[[ Data provided open ]]

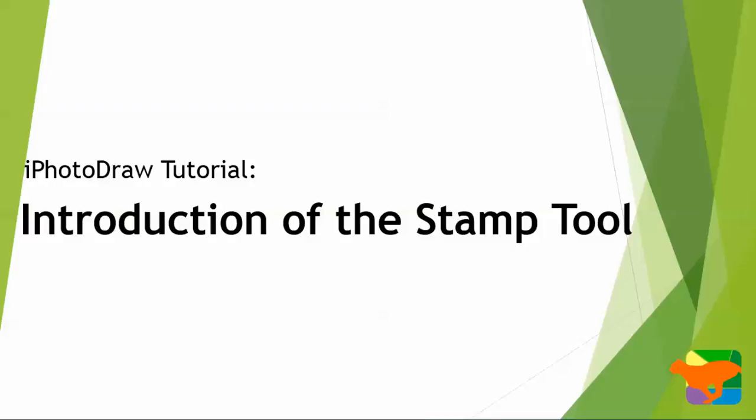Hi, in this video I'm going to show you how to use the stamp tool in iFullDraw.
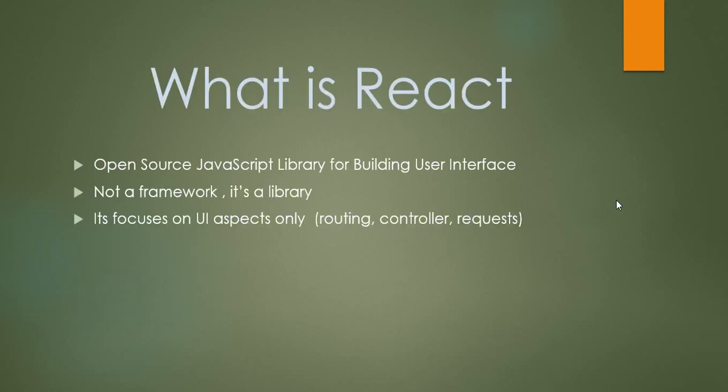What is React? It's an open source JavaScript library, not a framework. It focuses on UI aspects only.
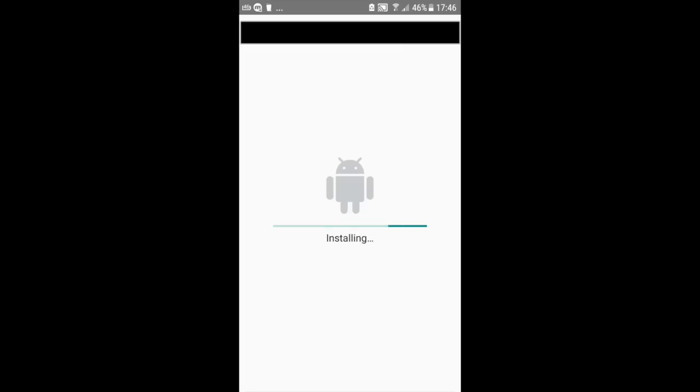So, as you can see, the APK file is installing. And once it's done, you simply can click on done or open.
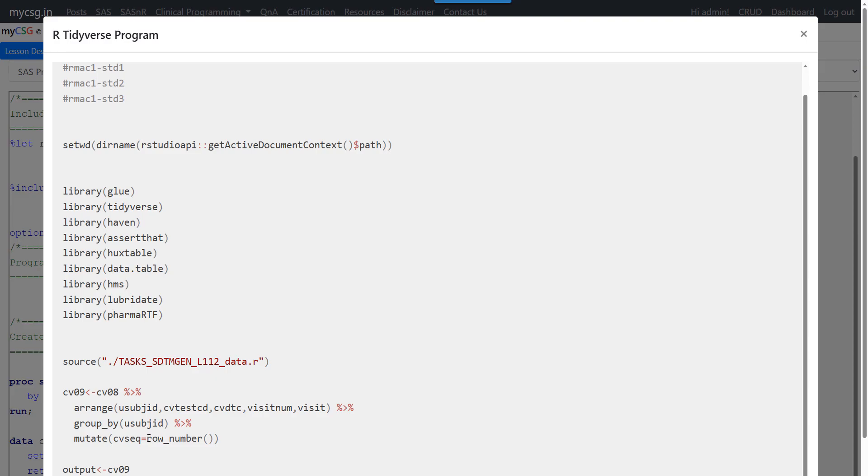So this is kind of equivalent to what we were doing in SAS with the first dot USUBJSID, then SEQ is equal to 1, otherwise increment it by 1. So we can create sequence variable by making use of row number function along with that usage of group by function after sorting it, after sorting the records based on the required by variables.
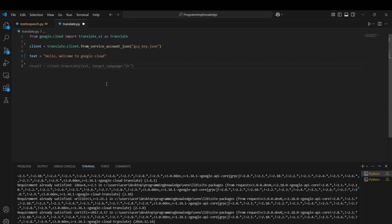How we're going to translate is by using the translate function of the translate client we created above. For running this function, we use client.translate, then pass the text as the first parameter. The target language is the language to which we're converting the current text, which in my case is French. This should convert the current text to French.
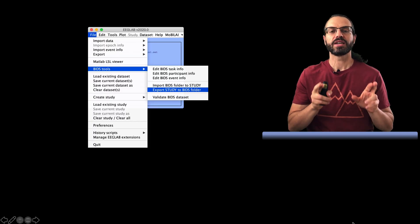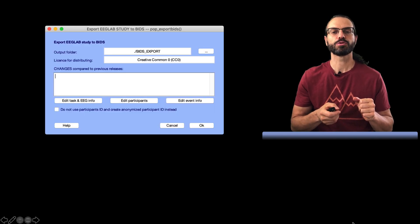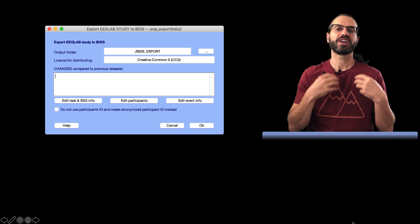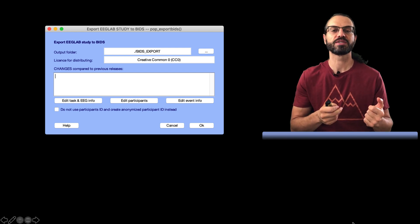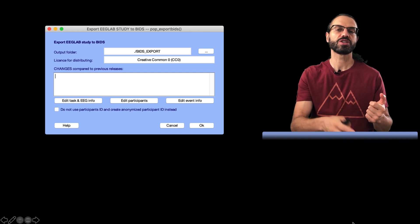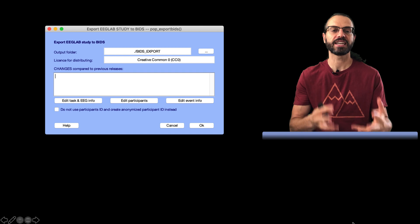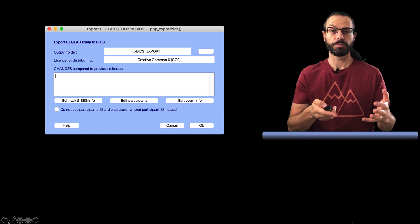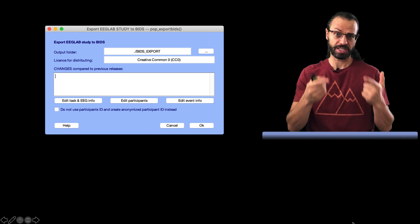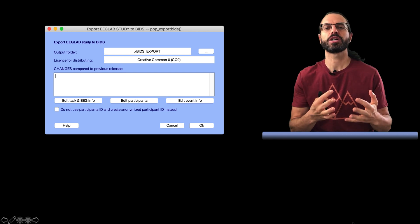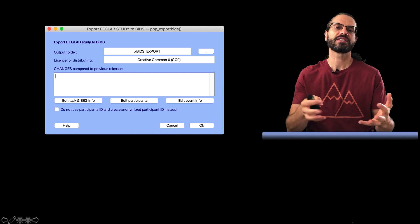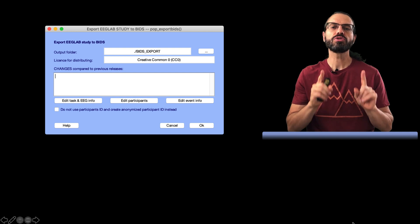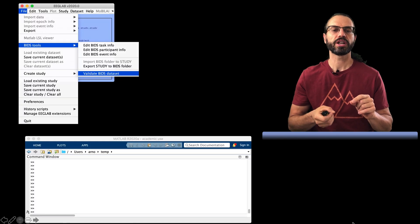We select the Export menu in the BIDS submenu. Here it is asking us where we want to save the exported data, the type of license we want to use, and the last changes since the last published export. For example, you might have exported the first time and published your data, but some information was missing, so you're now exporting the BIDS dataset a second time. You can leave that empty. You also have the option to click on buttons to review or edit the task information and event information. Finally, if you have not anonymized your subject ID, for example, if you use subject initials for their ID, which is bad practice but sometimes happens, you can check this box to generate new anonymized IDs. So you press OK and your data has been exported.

[[ Data provided closed ]]

Write out, exactly and with no pictures, the lines of the data from the first through the line containing "So, as you can".

Answer to the problem:
Hi, in this video I'm going to show you how to use the stamp tool in iFullDraw.
What is React? It's an open source JavaScript library, not a framework. It focuses on UI aspects only.
So, as you can see, the APK file is installing. And once it's done, you simply can click on done or open.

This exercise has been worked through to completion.